### Data to examine

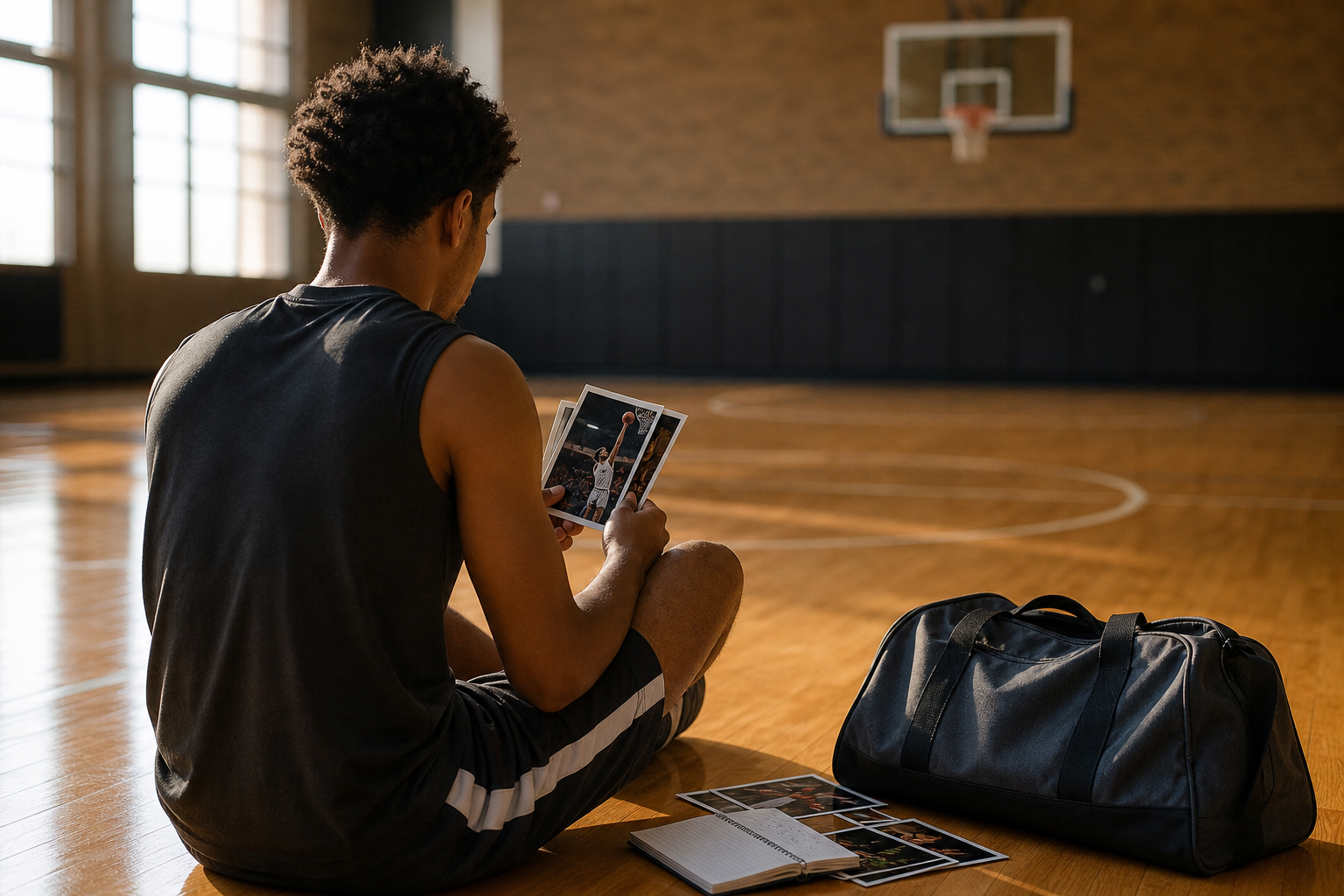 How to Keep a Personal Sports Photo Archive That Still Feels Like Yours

==

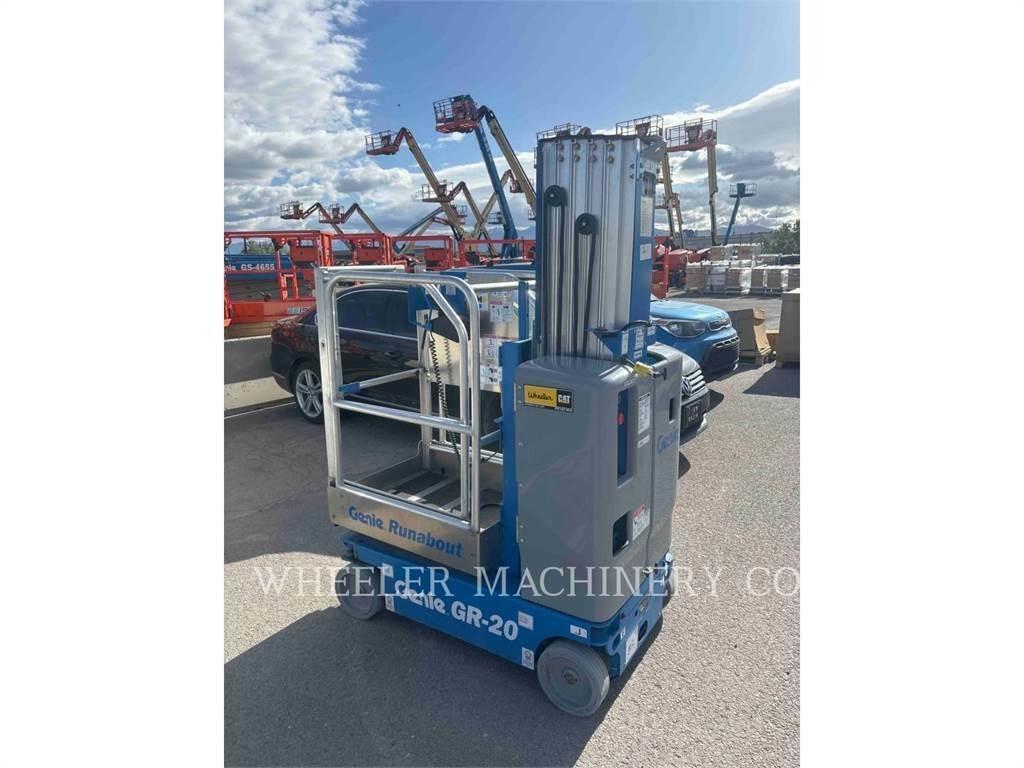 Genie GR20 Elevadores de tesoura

---

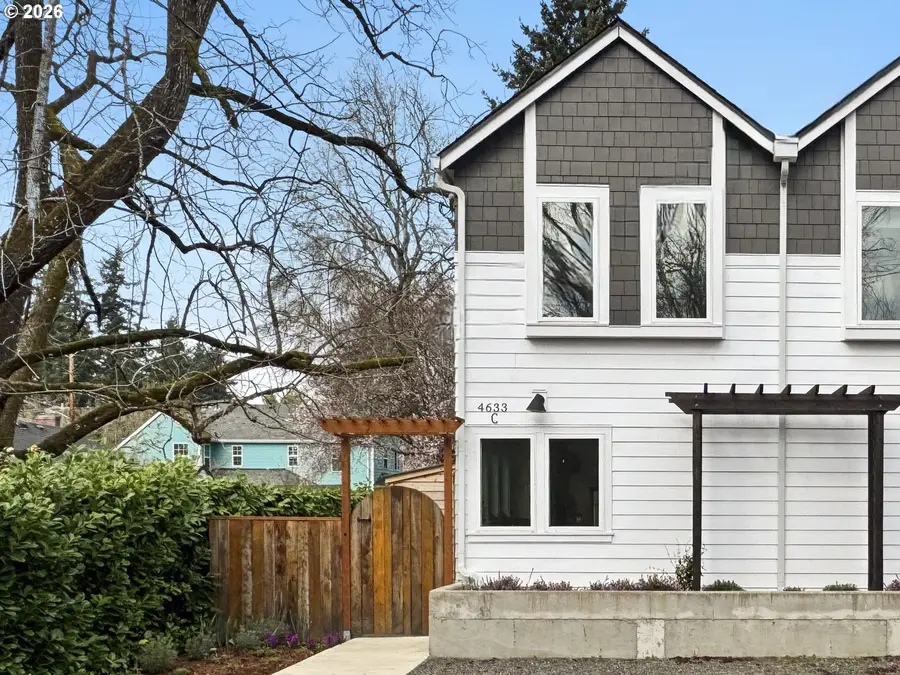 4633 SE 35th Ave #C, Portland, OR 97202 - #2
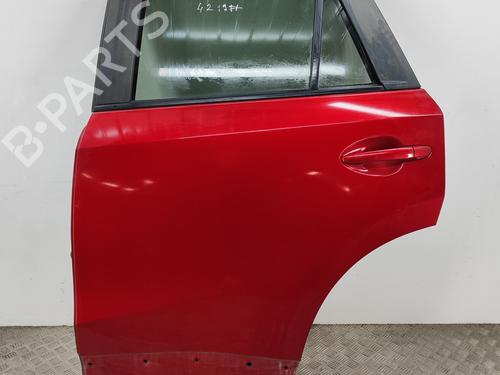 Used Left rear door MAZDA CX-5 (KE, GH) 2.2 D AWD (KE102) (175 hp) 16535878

### Exercise aim
A clean copy is needed of the lines above from the one with "4633 SE 35th Ave #C, Portland, OR 97202 - #2" up to and including the one with "Used Left rear". Please set it down exactly, with no pictures.

### Output of the exercise
 4633 SE 35th Ave #C, Portland, OR 97202 - #2
 Used Left rear door MAZDA CX-5 (KE, GH) 2.2 D AWD (KE102) (175 hp) 16535878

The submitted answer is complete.